[DATA BELOW]

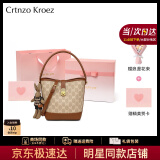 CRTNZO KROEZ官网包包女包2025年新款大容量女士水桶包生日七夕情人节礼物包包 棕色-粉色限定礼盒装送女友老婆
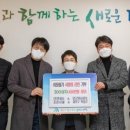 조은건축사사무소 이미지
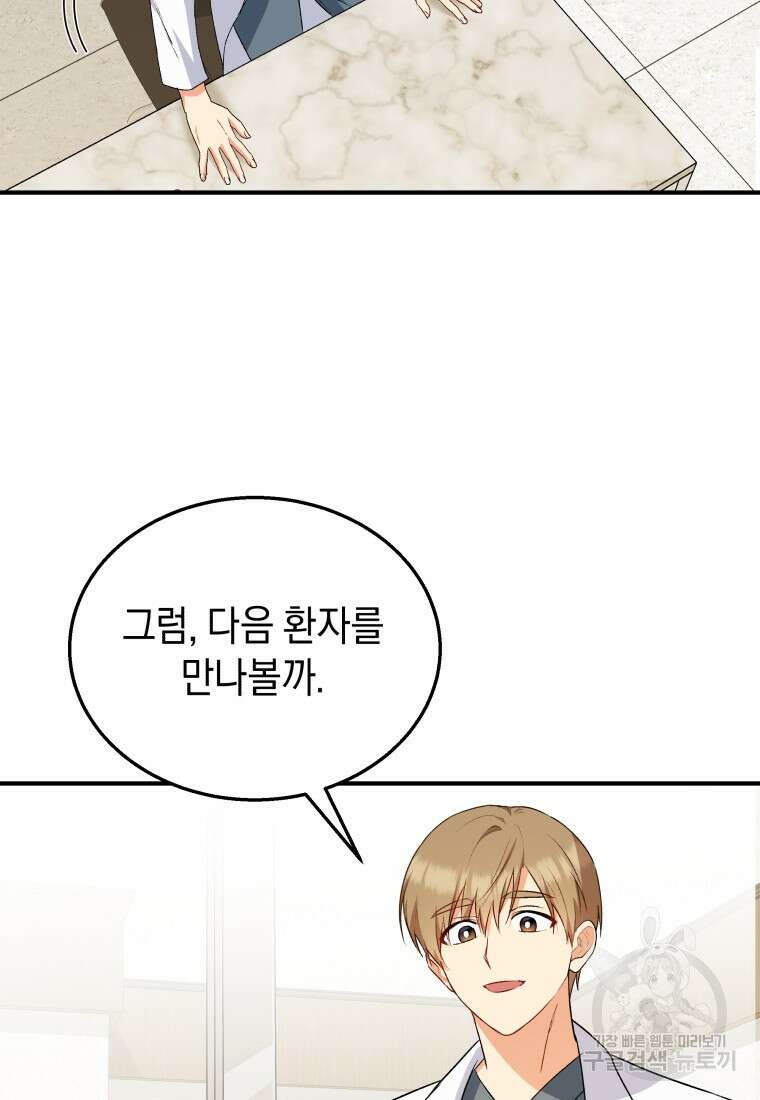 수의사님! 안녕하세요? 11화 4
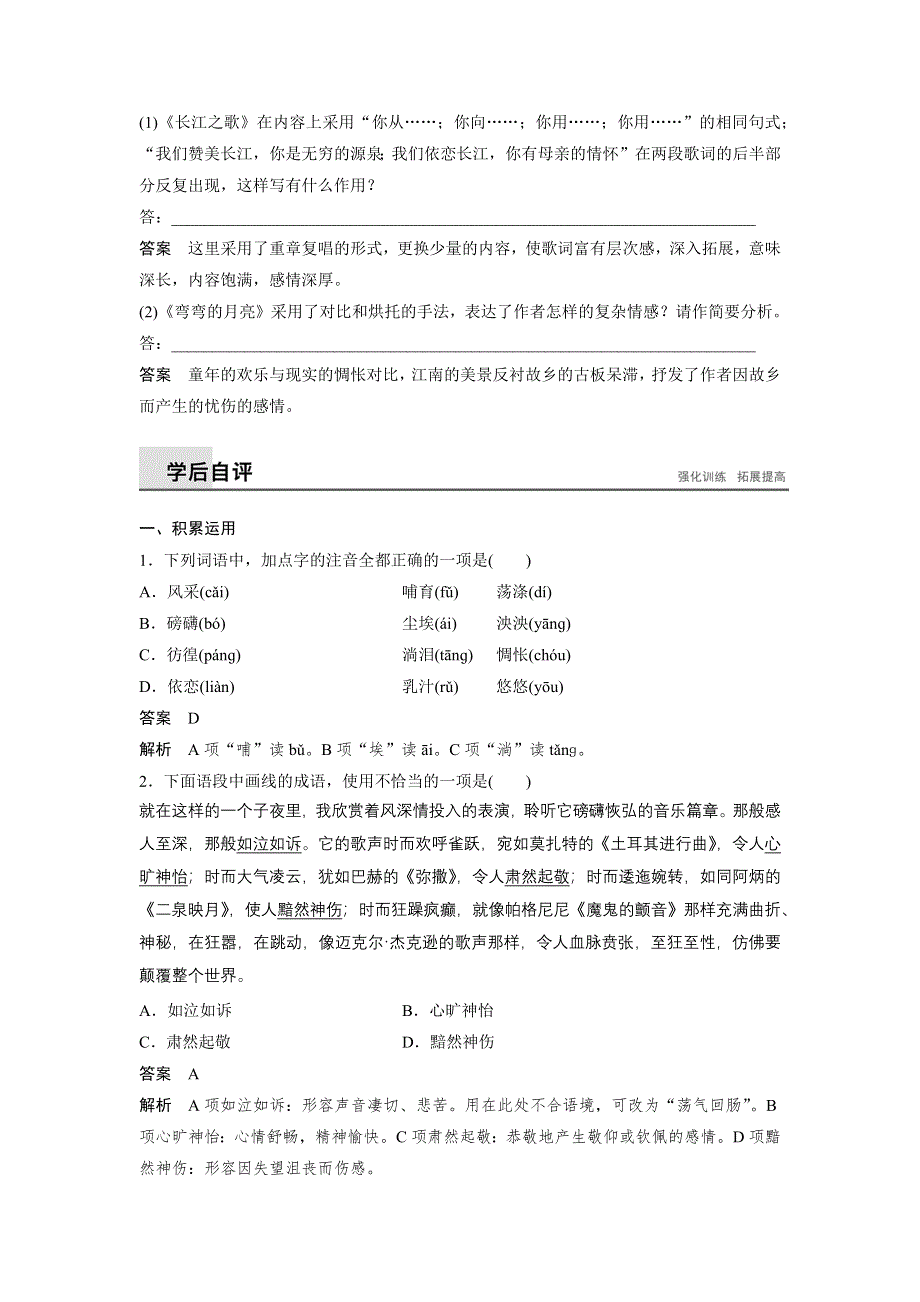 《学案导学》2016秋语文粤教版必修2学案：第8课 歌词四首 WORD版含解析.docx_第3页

[/DATA BELOW]

**WHAT YOU HAVE TO DO:**
Repeat the material exactly. Any picture in it should be dropped.

**THE COMPLETED TASK:**
 CRTNZO KROEZ官网包包女包2025年新款大容量女士水桶包生日七夕情人节礼物包包 棕色-粉色限定礼盒装送女友老婆
 조은건축사사무소 이미지
 수의사님! 안녕하세요? 11화 4
 《学案导学》2016秋语文粤教版必修2学案：第8课 歌词四首 WORD版含解析.docx_第3页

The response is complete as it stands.